At Shakudo, we're building the world's first operating system for data and AI. We use the term "operating system" in the truest sense: just like iOS, Windows, or Linux, Shakudo's end-to-end OS provides ever-evolving, fully automated, best-in-class open-source components tailored to each business's unique needs.
We are seeking an Infrastructure Engineer to join our Business Automation team to own and operate the internal systems, infrastructure, and AI Gateway product that power Shakudo at scale. This is a hands-on role for someone who thrives on keeping production systems reliable, secure, and fast. You will be responsible for everything from physical servers and DGX machines to CI/CD pipelines and customer-facing AI Gateway infrastructure. You will also contribute directly to product hardening, security, and DevOps practices across the platform.

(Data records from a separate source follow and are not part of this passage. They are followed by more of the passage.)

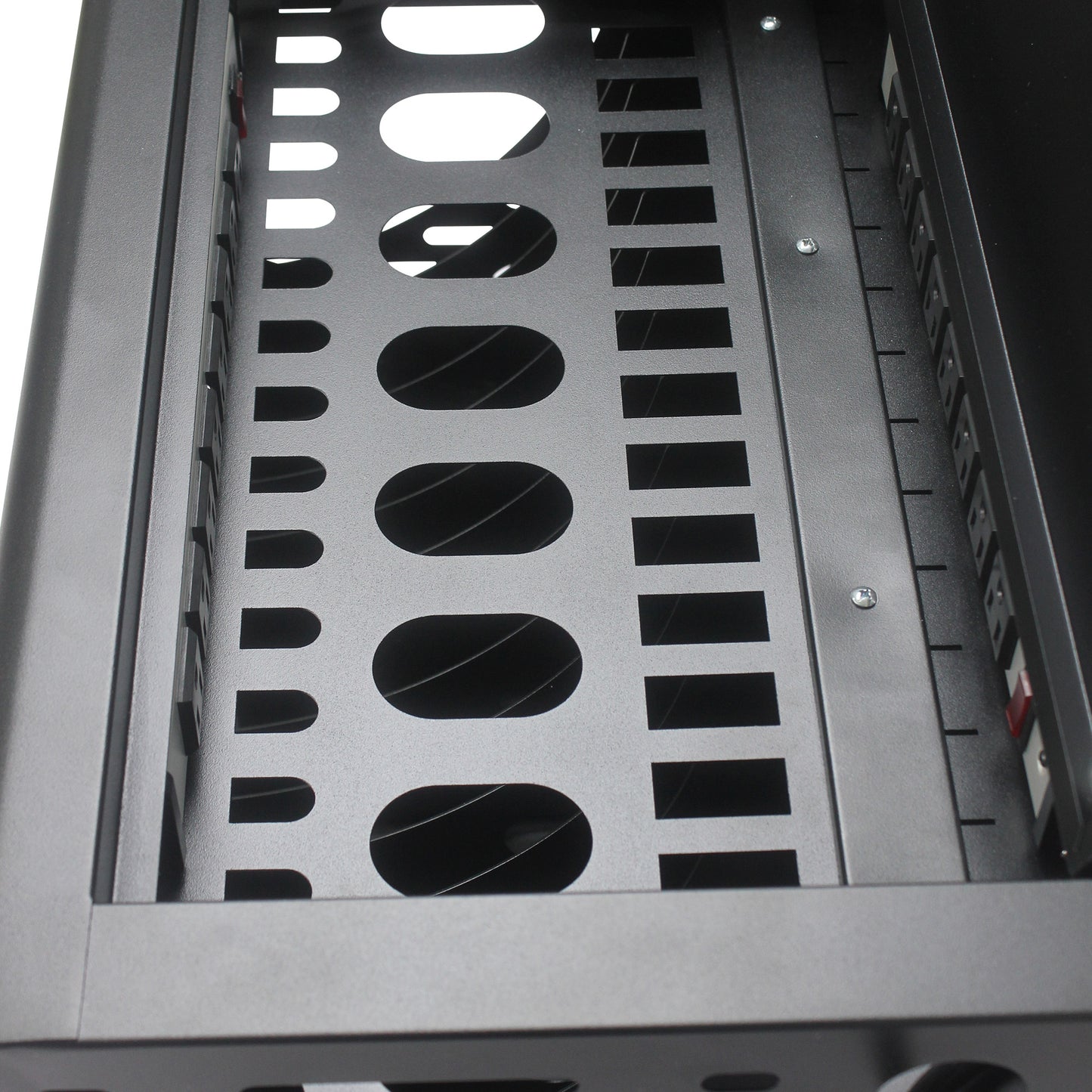 16-Bay Charging Cabinet for Laptops and Chromebooks, Locking Charging Station for Offices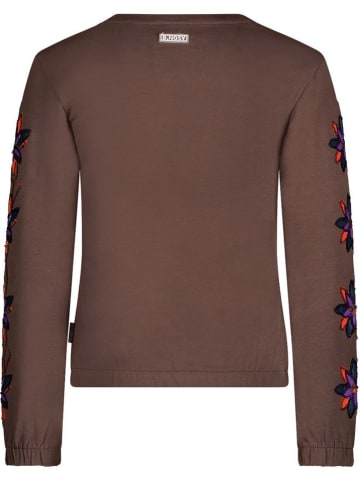 Bluza w kolorze ciemnobrązowym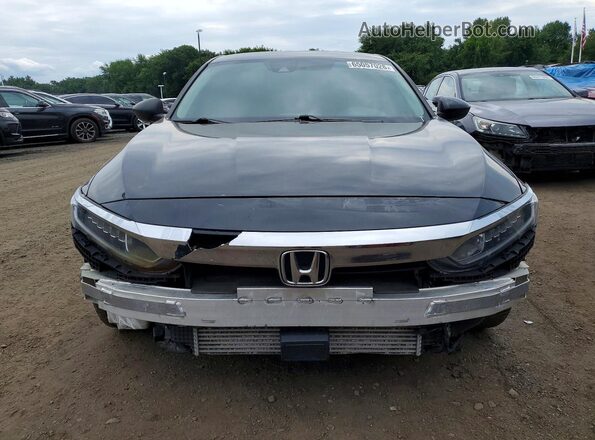 1HGCV1F12MA109016 2021 HONDA ACCORD Черный Вид спереди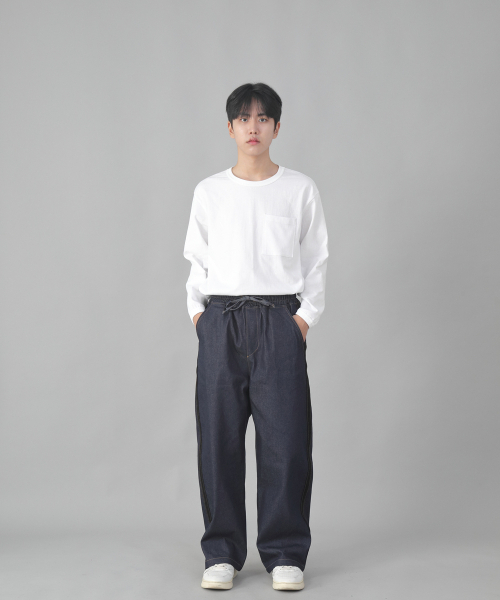 SAINTCREW(セントクルー)の「ブラックPラインEXワイドパンツPLW-341デニムインディゴ(デニムパンツ・メンズ・その他・MEDIUM/LARGE/X-LARGE)」の7枚目の写真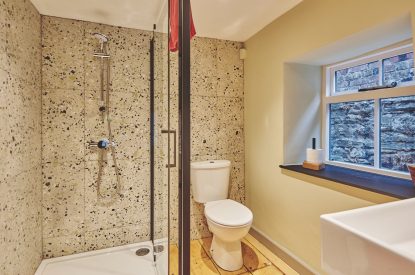 A bathroom at Hay Market House, Powys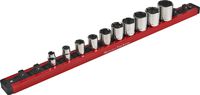 Mechanic's Time Savers Lock-A-Socket Tool Organizer: Magnetic Locking Socket Rack, 3/8" Drive Sockets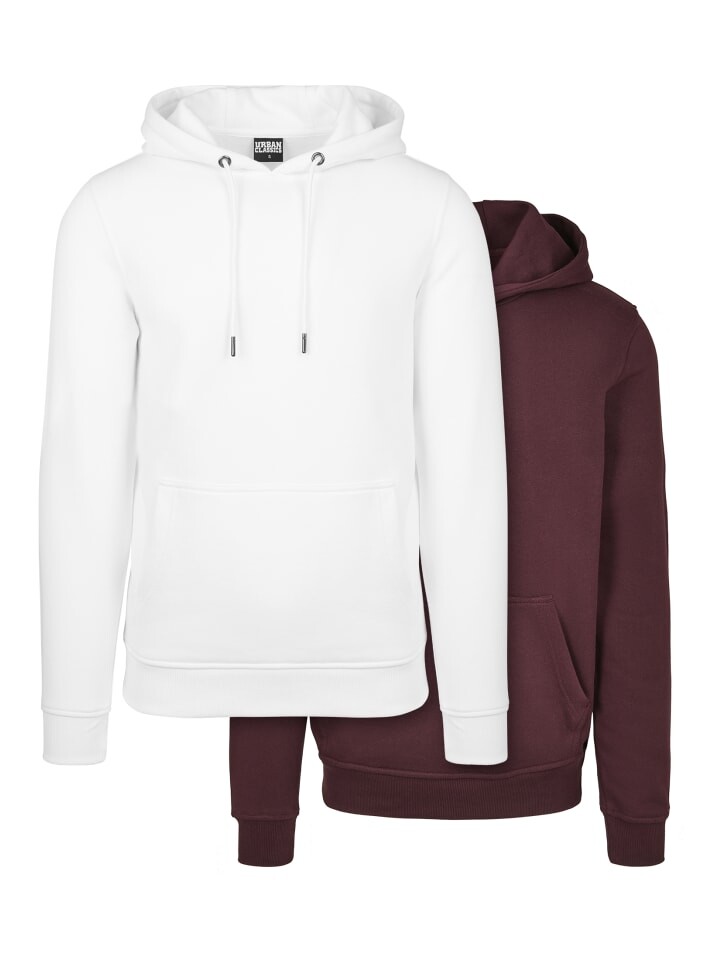 

Толстовка Urban Classics, цвет white+redwine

At Shakudo, our culture is proactive, collaborative, and supportive — we succeed together by building strong partnerships and solving complex challenges. We expect high ownership: you will be hands-on, driving outcomes directly rather than delegating or waiting for direction. Individual contribution matters here — your work will have a visible, measurable impact on the company's operations and product.
Key Responsibilities
Maintain and operate internal services for the rest of the Shakudo employees, including proprietary applications for sales and ETL pipelines
Maintain and operate DGX machines that host LLMs for the team's use
Maintain and operate Shakudo's product for Shakudo's internal use, and contribute to product hardening, security, and DevOps practices
Maintain and operate physical servers for Kubernetes clusters and ensure uptime
Create CI/CD pipelines for internal deployments
Maintain and operate the AI Gateway product for customers, ensure uptime, and contribute to product roadmap
Qualifications
8+ years of experience across software, data, platform, or AI engineering roles
5+ years of strong experience with Kubernetes cluster operation and DevOps, and bare-metal server operations
Experience operating production infrastructure at scale, including physical servers, GPU clusters, and CI/CD systems
Strong background in security hardening, observability, and reliability engineering
Proficiency in Rust is preferred
Experience with AI/ML infrastructure, including LLM hosting and inference serving is preferred
Why Shakudo Stands Out
Work with cutting-edge technologies in machine learning and high-performance computing. Contribute to a platform that transforms how organizations leverage data and AI. Join a dynamic team that values innovation, efficiency, and diversity.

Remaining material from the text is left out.